L’application de l’art. 179 septies du code pénal a récemment été confirmée par la Cour d’appel pénale du canton de Vaud, dans un arrêt du 29 mars 2021 (CAPE décision no 112). Selon l’état de fait retenu par la Cour, après avoir été éconduit, le prévenu s’est livré à un harcèlement obsessionnel à l’endroit d’une femme dans le but de la conquérir. Il lui a notamment adressé de multiples messages insistants par divers canaux – soit par SMS, par WhatsApp, par messagerie électronique, ainsi que par les réseaux sociaux Facebook et Linkedin – au moyen de différents profils et adresses électroniques.

La Cour d’appel a estimé que la condition de l’art. 179septies CP qui suppose que l’auteur ait agi intentionnellement par méchanceté ou espièglerie «peut être remplie lorsque l’auteur utilise des SMS pour déclarer son amour à une personne pour essayer de la reconquérir.
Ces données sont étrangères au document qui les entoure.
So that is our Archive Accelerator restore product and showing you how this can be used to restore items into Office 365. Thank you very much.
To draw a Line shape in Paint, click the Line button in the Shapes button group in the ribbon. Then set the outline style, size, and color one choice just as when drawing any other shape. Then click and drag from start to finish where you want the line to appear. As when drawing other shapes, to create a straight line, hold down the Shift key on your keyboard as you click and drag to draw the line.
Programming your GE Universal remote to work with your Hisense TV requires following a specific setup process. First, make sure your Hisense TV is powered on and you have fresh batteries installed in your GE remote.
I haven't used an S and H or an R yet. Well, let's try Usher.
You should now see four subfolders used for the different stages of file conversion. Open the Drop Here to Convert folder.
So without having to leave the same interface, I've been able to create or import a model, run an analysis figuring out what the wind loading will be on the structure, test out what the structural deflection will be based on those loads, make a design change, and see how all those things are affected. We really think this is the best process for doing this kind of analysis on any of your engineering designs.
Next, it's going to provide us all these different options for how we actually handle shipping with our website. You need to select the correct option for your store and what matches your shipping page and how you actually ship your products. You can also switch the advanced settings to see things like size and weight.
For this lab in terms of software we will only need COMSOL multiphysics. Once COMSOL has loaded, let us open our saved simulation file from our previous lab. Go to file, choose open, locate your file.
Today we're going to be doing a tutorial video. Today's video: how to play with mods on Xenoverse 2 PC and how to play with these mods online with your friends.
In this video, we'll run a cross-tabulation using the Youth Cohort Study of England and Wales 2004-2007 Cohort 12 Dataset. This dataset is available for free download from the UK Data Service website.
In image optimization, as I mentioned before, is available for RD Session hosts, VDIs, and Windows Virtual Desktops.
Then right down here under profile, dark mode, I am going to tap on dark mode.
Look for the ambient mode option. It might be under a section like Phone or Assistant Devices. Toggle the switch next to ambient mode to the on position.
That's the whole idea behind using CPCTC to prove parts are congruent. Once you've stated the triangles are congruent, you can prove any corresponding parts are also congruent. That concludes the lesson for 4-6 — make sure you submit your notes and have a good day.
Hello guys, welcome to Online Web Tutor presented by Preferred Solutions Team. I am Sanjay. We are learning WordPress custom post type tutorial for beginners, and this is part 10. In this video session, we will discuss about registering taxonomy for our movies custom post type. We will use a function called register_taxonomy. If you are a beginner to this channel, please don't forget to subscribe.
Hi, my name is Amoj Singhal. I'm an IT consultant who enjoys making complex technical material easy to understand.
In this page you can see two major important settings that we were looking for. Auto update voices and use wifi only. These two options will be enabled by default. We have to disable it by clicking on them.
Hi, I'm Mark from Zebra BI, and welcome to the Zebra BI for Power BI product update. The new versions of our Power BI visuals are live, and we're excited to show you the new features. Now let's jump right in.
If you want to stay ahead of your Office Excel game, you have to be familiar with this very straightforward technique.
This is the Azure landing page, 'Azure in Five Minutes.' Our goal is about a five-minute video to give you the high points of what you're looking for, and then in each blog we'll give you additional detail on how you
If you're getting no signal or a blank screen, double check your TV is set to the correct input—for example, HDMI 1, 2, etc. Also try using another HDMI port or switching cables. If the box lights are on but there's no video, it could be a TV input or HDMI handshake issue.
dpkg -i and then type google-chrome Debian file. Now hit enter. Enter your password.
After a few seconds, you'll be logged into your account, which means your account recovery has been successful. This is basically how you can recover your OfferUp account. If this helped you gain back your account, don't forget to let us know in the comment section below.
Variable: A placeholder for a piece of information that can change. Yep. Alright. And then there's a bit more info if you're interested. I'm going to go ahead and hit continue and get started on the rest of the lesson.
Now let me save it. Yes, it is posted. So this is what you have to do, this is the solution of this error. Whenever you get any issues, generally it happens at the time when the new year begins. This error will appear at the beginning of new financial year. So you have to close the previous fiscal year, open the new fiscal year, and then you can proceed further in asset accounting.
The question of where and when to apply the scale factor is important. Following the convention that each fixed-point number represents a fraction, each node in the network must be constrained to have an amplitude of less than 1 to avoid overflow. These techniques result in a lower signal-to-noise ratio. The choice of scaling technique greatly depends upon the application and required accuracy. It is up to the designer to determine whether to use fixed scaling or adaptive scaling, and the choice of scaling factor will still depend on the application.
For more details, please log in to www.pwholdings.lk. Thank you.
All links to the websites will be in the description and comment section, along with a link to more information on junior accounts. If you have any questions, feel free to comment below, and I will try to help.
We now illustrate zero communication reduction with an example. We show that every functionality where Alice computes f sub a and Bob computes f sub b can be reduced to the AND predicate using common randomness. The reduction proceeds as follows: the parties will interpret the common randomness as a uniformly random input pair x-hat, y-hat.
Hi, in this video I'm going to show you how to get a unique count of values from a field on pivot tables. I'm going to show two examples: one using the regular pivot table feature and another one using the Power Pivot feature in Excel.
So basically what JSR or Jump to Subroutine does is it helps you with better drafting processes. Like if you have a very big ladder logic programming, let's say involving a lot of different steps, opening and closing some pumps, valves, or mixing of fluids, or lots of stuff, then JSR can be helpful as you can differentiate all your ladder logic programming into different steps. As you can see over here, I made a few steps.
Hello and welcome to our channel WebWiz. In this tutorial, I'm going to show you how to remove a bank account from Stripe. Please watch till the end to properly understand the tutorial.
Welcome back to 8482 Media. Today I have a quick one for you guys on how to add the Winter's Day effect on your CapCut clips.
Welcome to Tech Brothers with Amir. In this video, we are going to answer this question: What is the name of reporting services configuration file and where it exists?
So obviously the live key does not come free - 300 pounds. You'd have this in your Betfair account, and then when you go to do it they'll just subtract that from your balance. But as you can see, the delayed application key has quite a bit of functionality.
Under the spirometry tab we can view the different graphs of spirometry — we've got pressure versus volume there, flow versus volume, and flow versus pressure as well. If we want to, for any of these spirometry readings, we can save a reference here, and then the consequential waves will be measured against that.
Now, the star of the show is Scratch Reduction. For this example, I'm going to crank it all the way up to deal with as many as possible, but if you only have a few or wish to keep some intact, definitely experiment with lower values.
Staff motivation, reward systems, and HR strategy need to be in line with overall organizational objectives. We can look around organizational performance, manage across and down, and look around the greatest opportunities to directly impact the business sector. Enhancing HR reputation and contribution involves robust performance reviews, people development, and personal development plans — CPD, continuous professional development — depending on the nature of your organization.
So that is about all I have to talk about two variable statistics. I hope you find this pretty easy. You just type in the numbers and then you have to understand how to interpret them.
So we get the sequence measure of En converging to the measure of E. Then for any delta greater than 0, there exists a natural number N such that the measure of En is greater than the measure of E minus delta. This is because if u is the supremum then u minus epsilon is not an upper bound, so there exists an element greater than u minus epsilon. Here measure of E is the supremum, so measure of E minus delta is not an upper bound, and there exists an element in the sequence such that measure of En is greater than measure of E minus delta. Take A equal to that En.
Si durant la période qui a immédiatement suivi la rupture, l’auteur peut encore penser que la personne visée est susceptible de revenir sur sa décision, ultérieurement, son action incessante, malgré la volonté affichée de ne pas renouer la relation, s’apparente au «stalking» avec les conséquences néfastes qu’il peut avoir sur le psychisme de la victime. Dans de telles conditions, il y a à tout le moins lieu de retenir une volonté d’agir par espièglerie (TF 6B_1088/2015 du 6 juin 2016 consid. 2.2 et les références citées)». Le prévenu avait donc été reconnu coupable d’infraction à l’art. 179 septies, de même que de contrainte (181 CP) dans le mesure où la victime avait, en raison de son comportement, été obligée de changer ses habitudes.

Code pénal à compléter

D’autres infractions peuvent entrer en ligne de compte. On peut par exemple penser à l’accès indu à un système informatique (art. 143 bis CP, voir à cet égard mon billet de blog du 6 juin 2019) extorsion et chantage (art. 156 CP), diffamation (173 CP), calomnie (174 CP), injure (177 CP), menace (180 CP), contrainte (181 CP), pornographie (197 CP), désagréments causés par la confrontation à un acte d’ordre sexuel (198 CP), voire lésions corporelles (art. 122 et 123 CP), et bientôt usurpation d’identité (futur art. 179 decies CP). Telles sont notamment les infractions aujourd’hui à disposition, en attendant que le cyberharcèlement soit – enfin – réprimé en tant que tel par le code pénal.

A cet égard I’initiative parlementaire déposée le 11 juin 2020 au Conseil national visant à inscrire le cyberharcèlement dans le code pénal (l’initiative parlementaire Suter 20.445) a porté ses fruits puisque la commission des affaires juridiques a décidé le 25 juin 2021 d’y donner suite (par 19 voix contre 0 et 4 abstentions) et de déposer un postulat de commission (21.3969) chargeant le Conseil fédéral de présenter les différentes possibilités de compléter le code pénal afin de punir le cyberharcèlement et la violence numérique. Il était temps.